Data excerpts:
▽
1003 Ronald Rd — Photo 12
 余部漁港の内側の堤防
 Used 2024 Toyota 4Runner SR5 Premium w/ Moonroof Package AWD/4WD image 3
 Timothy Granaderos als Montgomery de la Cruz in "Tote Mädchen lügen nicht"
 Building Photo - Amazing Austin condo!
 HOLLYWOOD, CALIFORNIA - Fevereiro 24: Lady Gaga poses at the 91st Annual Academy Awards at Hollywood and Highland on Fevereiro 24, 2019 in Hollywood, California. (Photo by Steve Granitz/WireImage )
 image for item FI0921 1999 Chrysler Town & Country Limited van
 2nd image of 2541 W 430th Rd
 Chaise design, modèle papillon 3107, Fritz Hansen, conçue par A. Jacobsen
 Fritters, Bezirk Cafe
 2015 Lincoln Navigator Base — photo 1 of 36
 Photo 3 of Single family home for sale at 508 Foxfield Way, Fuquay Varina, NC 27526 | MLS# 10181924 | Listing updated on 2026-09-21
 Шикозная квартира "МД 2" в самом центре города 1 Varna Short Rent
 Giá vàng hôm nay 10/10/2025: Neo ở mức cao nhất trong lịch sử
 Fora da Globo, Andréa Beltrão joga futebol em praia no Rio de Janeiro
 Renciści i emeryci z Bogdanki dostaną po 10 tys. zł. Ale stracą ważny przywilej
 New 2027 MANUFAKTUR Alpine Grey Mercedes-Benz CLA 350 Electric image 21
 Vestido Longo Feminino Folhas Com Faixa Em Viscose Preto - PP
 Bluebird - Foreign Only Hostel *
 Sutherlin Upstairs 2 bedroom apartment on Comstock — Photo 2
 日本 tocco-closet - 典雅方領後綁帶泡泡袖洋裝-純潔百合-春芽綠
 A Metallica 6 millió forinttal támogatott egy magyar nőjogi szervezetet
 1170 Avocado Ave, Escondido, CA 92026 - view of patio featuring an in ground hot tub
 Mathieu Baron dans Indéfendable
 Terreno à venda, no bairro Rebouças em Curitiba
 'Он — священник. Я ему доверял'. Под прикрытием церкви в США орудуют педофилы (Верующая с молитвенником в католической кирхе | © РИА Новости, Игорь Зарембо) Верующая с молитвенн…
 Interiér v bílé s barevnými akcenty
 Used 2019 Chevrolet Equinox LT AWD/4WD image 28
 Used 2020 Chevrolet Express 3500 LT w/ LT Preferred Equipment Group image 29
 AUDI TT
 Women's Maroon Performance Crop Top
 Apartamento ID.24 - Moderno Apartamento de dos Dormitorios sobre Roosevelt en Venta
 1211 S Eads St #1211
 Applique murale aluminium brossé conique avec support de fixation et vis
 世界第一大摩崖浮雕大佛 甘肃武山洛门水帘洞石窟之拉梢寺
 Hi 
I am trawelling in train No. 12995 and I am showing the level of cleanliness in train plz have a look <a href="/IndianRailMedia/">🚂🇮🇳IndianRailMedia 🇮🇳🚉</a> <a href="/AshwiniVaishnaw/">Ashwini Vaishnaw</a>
△
Brief :: Nothing but the lines above from the one containing "Photo 3 of Single" through the one containing "Fora da Globo, Andréa" should appear in the answer, each repeated exactly.

Solution for this problem ::
 Photo 3 of Single family home for sale at 508 Foxfield Way, Fuquay Varina, NC 27526 | MLS# 10181924 | Listing updated on 2026-09-21
 Шикозная квартира "МД 2" в самом центре города 1 Varna Short Rent
 Giá vàng hôm nay 10/10/2025: Neo ở mức cao nhất trong lịch sử
 Fora da Globo, Andréa Beltrão joga futebol em praia no Rio de Janeiro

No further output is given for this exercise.